16 May 2002 - 17 May 2002 All day Clare College, Cambridge

Description

Latimer Room, Clare College, Cambridge
Conference co-sponsored by CRASSH (University of Cambridge) and the University of Bradford

This interdisciplinary conference brings together scholars working on Spanish history and culture, the history of science and medicine, and intellectual history.

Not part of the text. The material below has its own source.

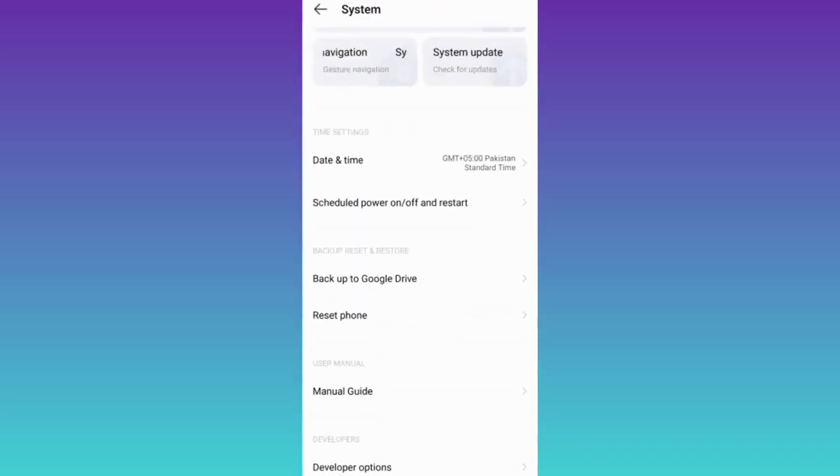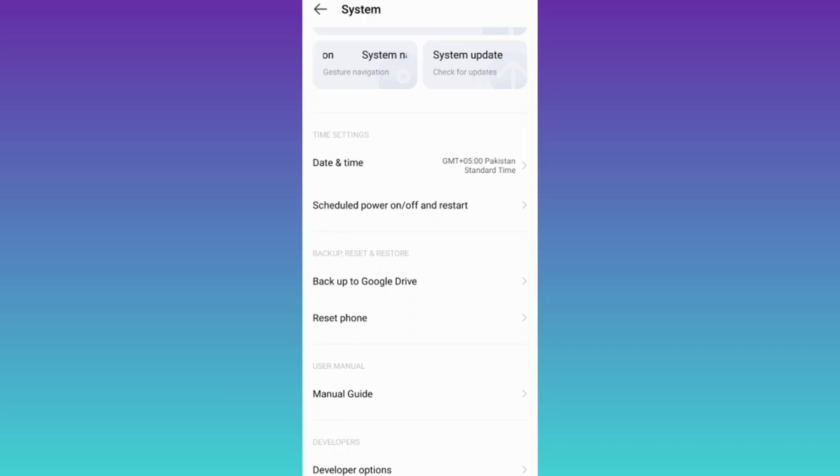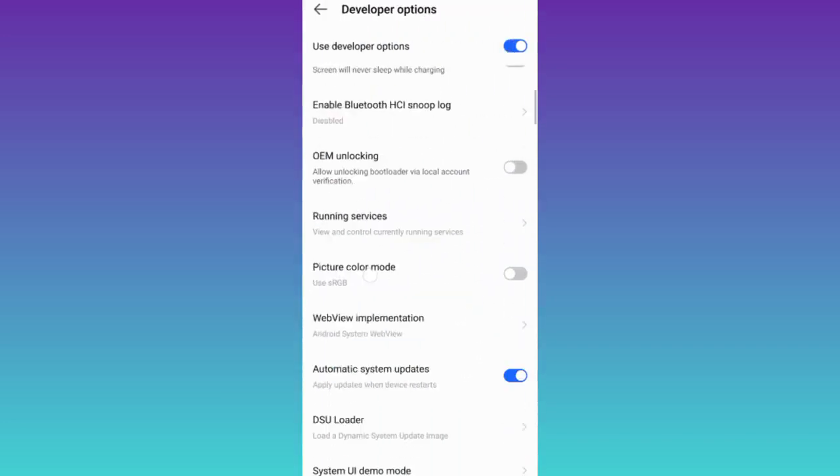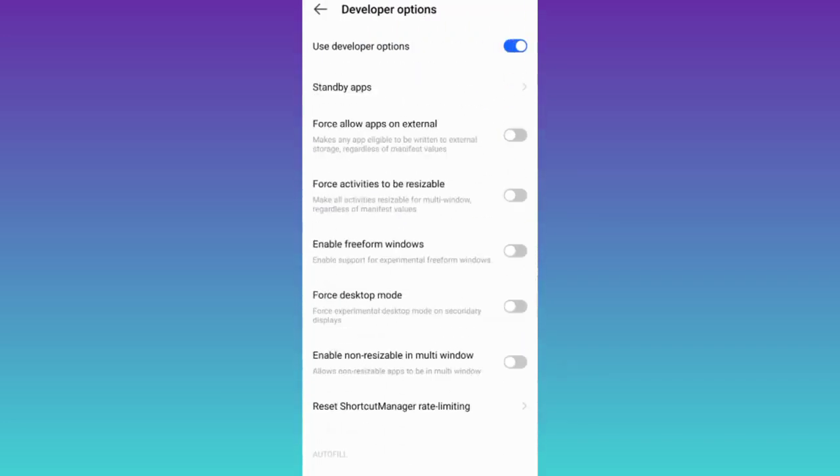Scroll down one more time and click on Developer options. Scroll down again, and right here you will see this option that says Force Allow Apps on External.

The papers offered demonstrate the inter-permeability of these diverse fields, and cut across pre-existing concepts about Spain, its culture and history, in the first half of the twentieth century.
Conveners:

Dr Alison Sinclair, Clare College, Cambridge
Dr Richard Cleminson, Department of Modern Languages, University of Bradford

Abstracts:
Anja Louis (Birkbeck College, University of London)
Whose melodrama is it anyway?: Women and the law in de Burgos’s novellas

The title of this paper suggests a correlation between melodrama and law, and yet at first sight nothing could be more diametrically opposed: the former is a literary genre associated with the feminine because of its concern with the display of emotion, while the latter is a system of patriarchal control, using apparent rationality as its most crucial characteristic. Yet, both law and melodrama converge on their use of binary oppositions as a mode of representation, their potential for social change and their focus on the conflict of human relationships. It is these convergences, amongst other things, that this paper examines.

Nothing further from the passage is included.